— EXERCISE REQUIREMENTS —
Skip the pictures and write out, word for word, the lines below from the one with "AN EARLY 20TH" through the one with "financial statistics concept", inclusive.

[[ RECORDS SUPPLIED open ]]

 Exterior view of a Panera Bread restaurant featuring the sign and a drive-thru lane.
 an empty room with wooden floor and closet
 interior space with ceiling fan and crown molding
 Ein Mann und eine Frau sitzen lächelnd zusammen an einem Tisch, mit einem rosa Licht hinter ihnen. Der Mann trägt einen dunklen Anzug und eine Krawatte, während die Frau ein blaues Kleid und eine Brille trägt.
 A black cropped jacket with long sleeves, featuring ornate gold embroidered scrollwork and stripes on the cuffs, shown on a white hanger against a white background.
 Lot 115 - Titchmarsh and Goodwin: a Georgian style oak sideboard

[[ RECORDS SUPPLIED closed ]]
[[ RECORDS SUPPLIED open ]]

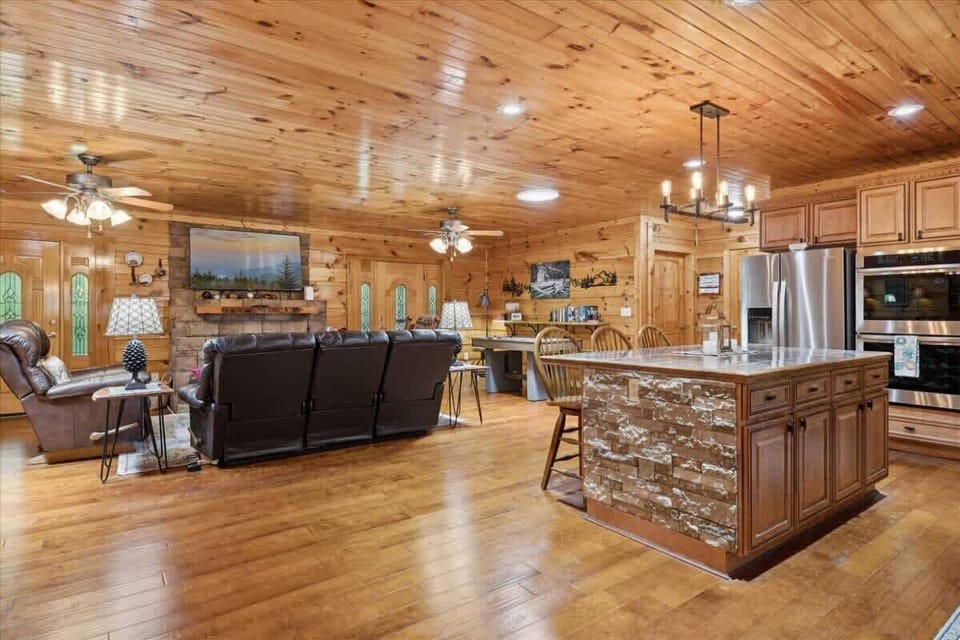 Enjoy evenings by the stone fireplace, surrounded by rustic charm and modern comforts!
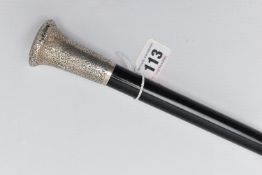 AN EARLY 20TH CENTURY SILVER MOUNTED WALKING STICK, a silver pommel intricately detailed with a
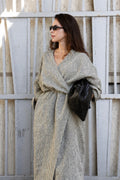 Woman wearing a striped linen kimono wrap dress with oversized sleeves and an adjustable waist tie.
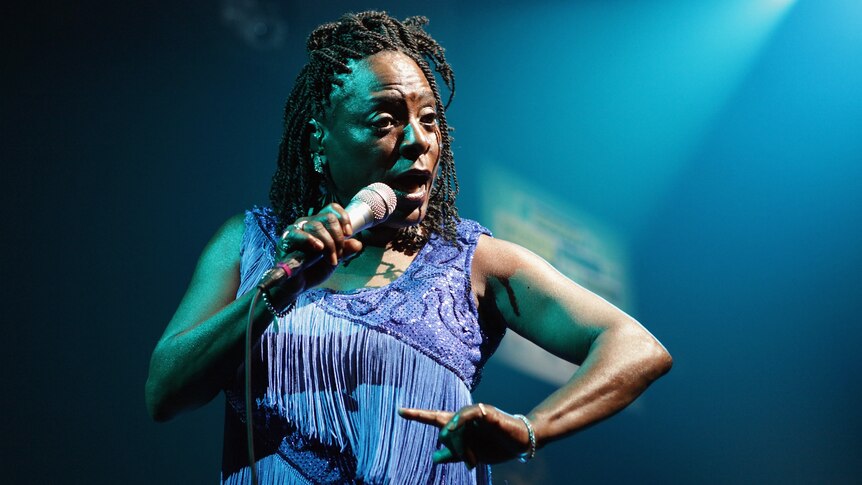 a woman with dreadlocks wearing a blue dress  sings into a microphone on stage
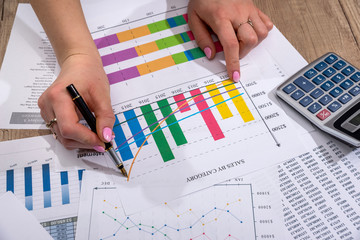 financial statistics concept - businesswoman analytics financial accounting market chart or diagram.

[[ RECORDS SUPPLIED closed ]]

— SOLUTION BELOW —
 AN EARLY 20TH CENTURY SILVER MOUNTED WALKING STICK, a silver pommel intricately detailed with a
 Woman wearing a striped linen kimono wrap dress with oversized sleeves and an adjustable waist tie.
 a woman with dreadlocks wearing a blue dress  sings into a microphone on stage
 financial statistics concept - businesswoman analytics financial accounting market chart or diagram.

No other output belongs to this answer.